Dave Krantz's GPS on his 16-foot aluminum boat shows "Dumarse" at juncture of the Mississippi and Ohio rivers.
A motorist whose global positioning system unit ripped from his car ended up having the same stolen unit installed less than two weeks later during repairs at a Detroit-area dealership, police said Thursday.
The man noticed the settings on the newly installed unit were similar to those on his original one, and when he pushed a button on the attached five-CD player, one of his own discs popped out, The Detroit News reported.
"You can't make this stuff up," Troy Police Lt. Robert Redmond said.
Police don't think the dealer was aware the newly installed unit was stolen. The case is part of an investigation in Oakland County, Mich., and Seminole County, Fla., that's led to the seizure of about 1,000 units.
The man's GPS was stolen Oct. 21 and he called his insurance company, which told him to take the vehicle to his local dealership, Redmond said. Police believe the thief sold it to a middleman, who sold it to an auto parts store. The dealership bought what it thought was a refurbished GPS.

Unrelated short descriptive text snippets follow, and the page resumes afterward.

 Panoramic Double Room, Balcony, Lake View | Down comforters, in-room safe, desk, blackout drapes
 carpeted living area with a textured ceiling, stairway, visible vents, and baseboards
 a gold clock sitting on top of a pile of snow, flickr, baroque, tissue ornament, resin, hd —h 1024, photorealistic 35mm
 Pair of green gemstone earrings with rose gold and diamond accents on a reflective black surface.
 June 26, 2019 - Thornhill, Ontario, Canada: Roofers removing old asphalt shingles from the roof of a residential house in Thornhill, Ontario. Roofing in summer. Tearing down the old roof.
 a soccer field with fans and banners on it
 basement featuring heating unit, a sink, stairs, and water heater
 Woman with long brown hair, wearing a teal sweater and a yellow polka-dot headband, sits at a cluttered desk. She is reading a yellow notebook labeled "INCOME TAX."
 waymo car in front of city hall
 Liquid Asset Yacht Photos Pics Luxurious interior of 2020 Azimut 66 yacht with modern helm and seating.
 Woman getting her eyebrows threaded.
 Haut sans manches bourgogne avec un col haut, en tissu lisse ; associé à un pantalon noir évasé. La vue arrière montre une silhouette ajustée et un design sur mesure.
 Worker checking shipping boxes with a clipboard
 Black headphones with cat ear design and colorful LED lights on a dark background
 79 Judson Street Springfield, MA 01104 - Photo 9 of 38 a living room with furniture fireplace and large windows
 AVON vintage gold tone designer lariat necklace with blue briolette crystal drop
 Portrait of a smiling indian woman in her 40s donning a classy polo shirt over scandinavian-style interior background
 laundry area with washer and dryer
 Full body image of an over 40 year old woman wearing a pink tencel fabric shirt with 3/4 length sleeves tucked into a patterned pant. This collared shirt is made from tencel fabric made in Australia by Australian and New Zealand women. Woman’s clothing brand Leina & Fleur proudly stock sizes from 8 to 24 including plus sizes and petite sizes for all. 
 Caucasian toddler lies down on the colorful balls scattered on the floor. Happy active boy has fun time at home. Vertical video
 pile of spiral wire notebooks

Redmond said his department has taken 56 theft reports, and targets include newer Cadillac Escalades, Jeep Grand Cherokees and Chrysler 300s.
The thieves were paid between $250 and $400 per unit, and middlemen sold them online and to auto parts stores for between $600 and $1,200, the Detroit Free Press and The Macomb Daily also reported.
Four people have been arrested for receiving and concealing stolen property, and police are seeking five others.